# Returning to a 15 year old debt



## gbusa (Nov 8, 2013)

Hi,
I'm not sure if anyone can advise?
My wife is US citizen living in UK (we plan to return in a year or so).
Her parents have rung today saying she has received a bill for an outstanding college debt for $98 from 15 years ago!!!
She obviously hs no idea about this, but is there a time limit in the US to recover debts?
My wife went to this college, and paid for her tuition and loans etc...in cash, so would have no receipts to prove either way.

Any ideas?


----------



## Crawford (Jan 23, 2011)

There is no time limit for college loan debts. They follow you throughout life and if not recovered before you are retired they garner your Social Security.

If this is a college loan debt - and presumably what this debt is for is being explained in the request for payment - then pay it. There are companies that 'buy' long term debt from institutions and then start collecting them. You don't want your US credit ruined over 98 bucks.

If it's for non college loan debt and you know nothing about it, then you could challenge it.


----------



## gbusa (Nov 8, 2013)

Thanks for the response.
No, we wouldn't allow a $98 debt to muck things up, but also we would never pay money to someone who may not be entitled to it.

This was Junior College, my wife had no student loan, and paid everything in cash, so we are struggling to think of something they could have a right to claim to after 15 years! Overdue library book?!?

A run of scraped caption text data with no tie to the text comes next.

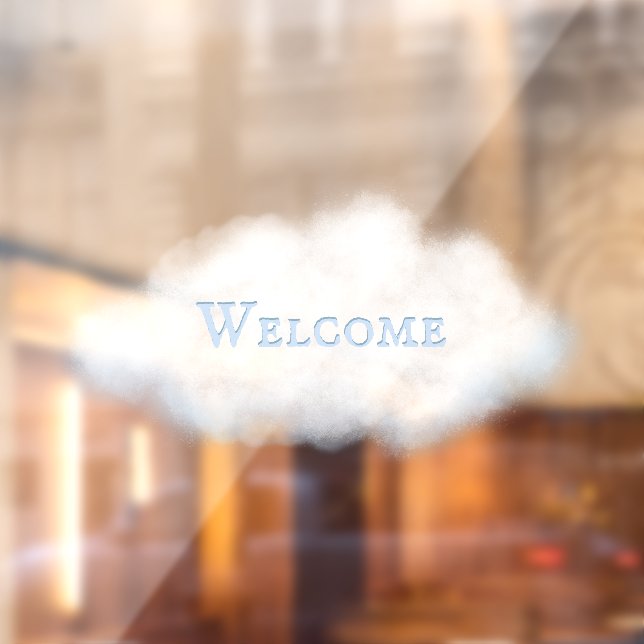 Custom Word on Fluffy White Cloud No. 2 Fairytale Window Cling (Sheet 2)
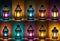 A collage of different types of Ramadan lanterns with different shapes- colors- and patterns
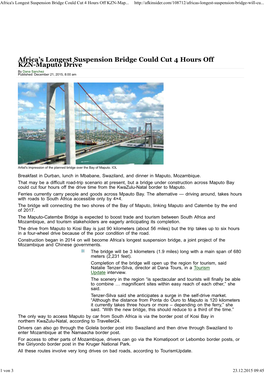 Africa's Longest Suspension Bridge Could Cut 4 Hours Off KZN-Maputo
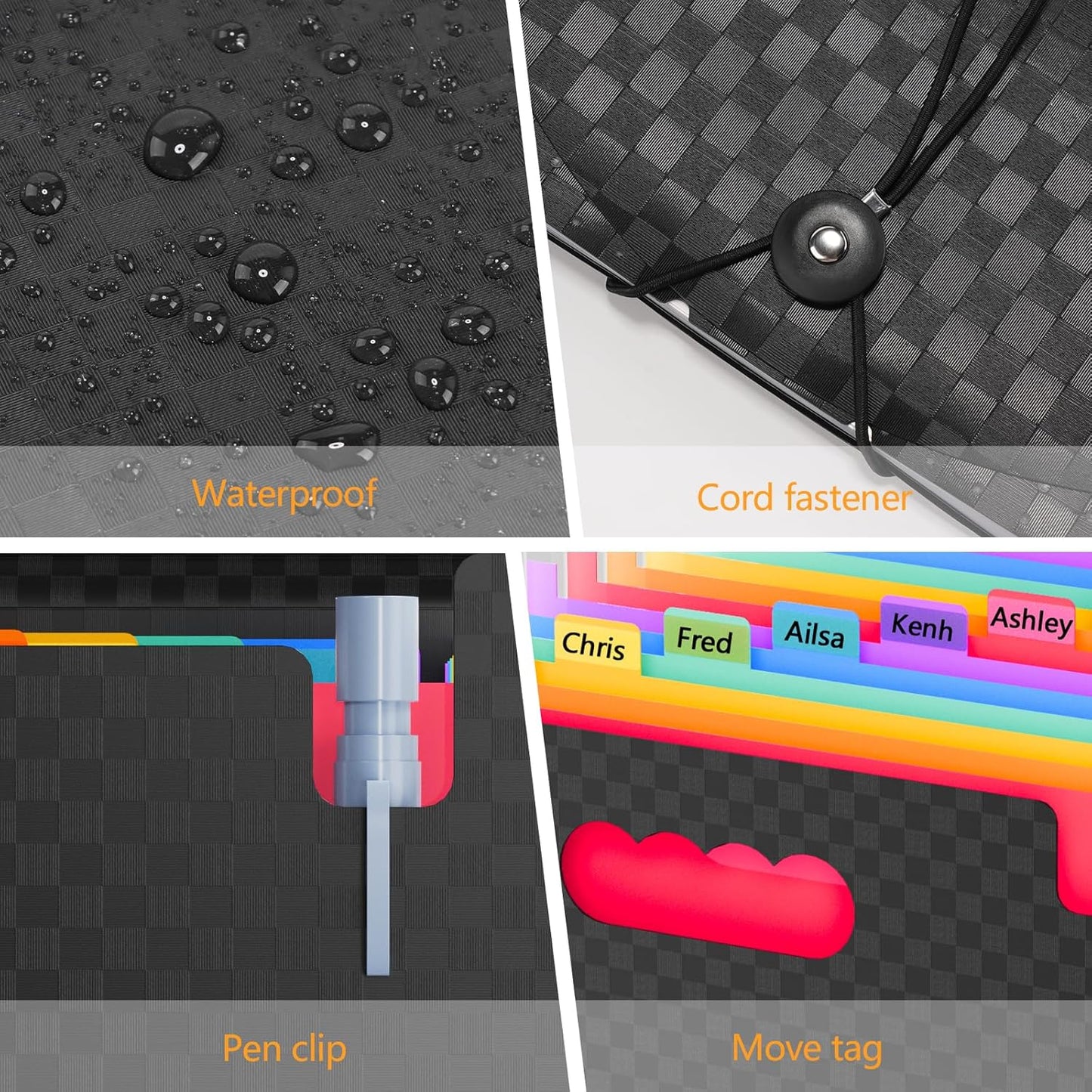 4 Pack Waterproof Accordion File Organizer, 13 Pockets Expanding File Folder with Colored Blank Tabs, Suitable for Students and Office Workers to Manage and Store Documents（Black）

I guess we'll find out when we go back for vacation in a couple of weeks.

Thanks again!


----------



## Bellthorpe (Jun 23, 2013)

Can't the parents scan the bill and email it to you?


----------



## EVHB (Feb 11, 2008)

Can the school prove that they tried to reach you years and year ago (while the debt was only maybe $0.5)?


----------



## Stevesolar (Dec 21, 2012)

Hi,
First impression is that this is a scam.
Note the amount of $98 - just under the magic $100.
This is just about the threshold of pain figure that makes people think "why worth agruing over this amount and possibly ruining my credit rationg - so i will pay it!!"
Cheers
Steve


----------



## Bevdeforges (Nov 16, 2007)

Agree with Steve. Someone tried that with my Dad. It was a collection agency sending him the notice about a bill due (at the time it was $118 or so). I wrote them back, asking for a copy of the actual bill showing what the debt was for and never heard back from them.

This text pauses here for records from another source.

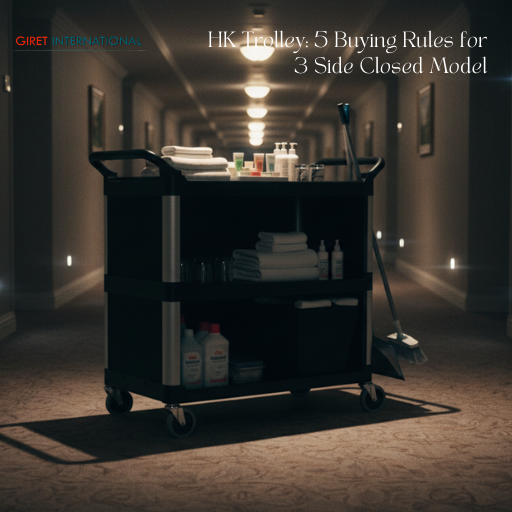 Enclosed HK trolley by Giret for professional housekeeping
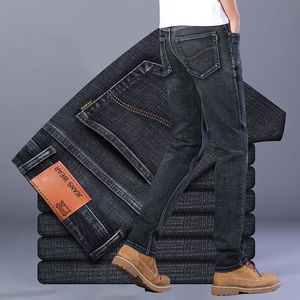 <span class=keywords><strong>Jeans</strong></span> Elasticizzati da <span class=keywords><strong>Uomo</strong></span> a <span class=keywords><strong>Vita</strong></span> <span class=keywords><strong>Alta</strong></span>, Vestibilità Larga, Stile Business Casual, per Primavera Estate, in Tessuto Tinta Unita, Lavaggio Medio, Versatili - Product Image 2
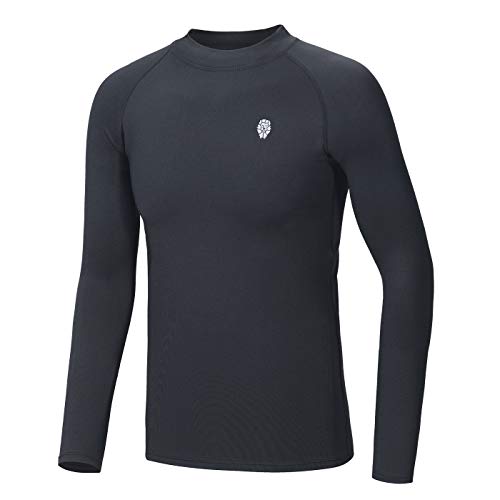 Boys Long Sleeve Thermals Youth Compression Shirts Base Layer Cold Gear Black S - Thumbnail 5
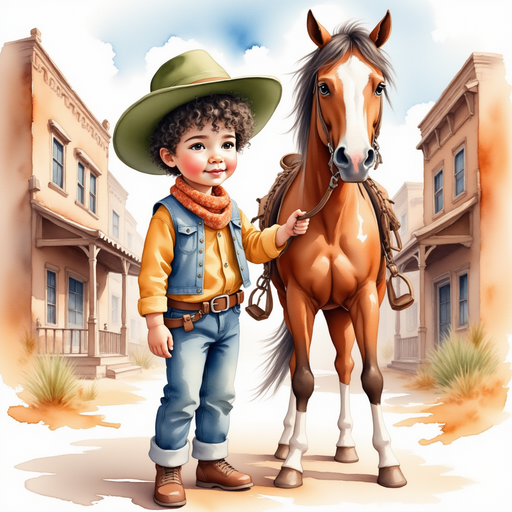 Cactus Cody stands beside a tall, chestnut horse, holding the reins and looking down the street. In the background, a dusty Western saloon stands under the bright sky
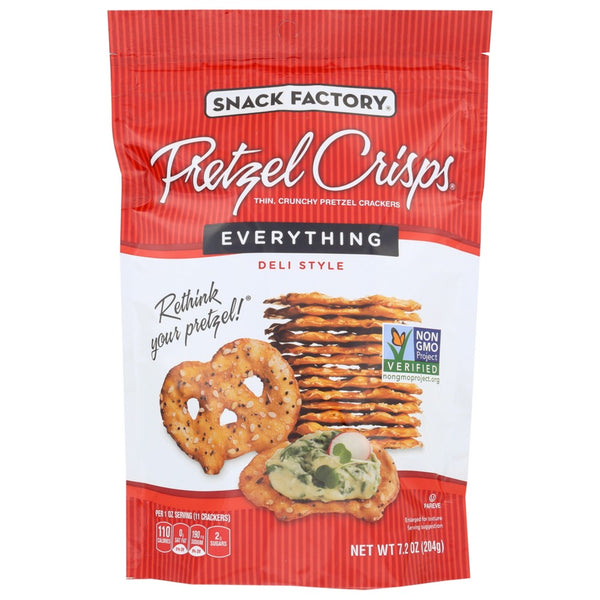 Snack Factory Pretzel Crisp Everything - 7 Ounce, Case of 12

If it's legit, whoever is contacting you should be able to produce the original bill (or a photocopy, obviously). If they can't do that, then don't bother dealing with them.
Cheers,
Bev


----------



## twostep (Apr 3, 2008)

Unless the parents were cosigners no legit collector would give that much information. Have your wife ask for a copy of the invoice or other legal proof of debt. Pull her credit report - which is not a bad idea after a long absence anyway.


----------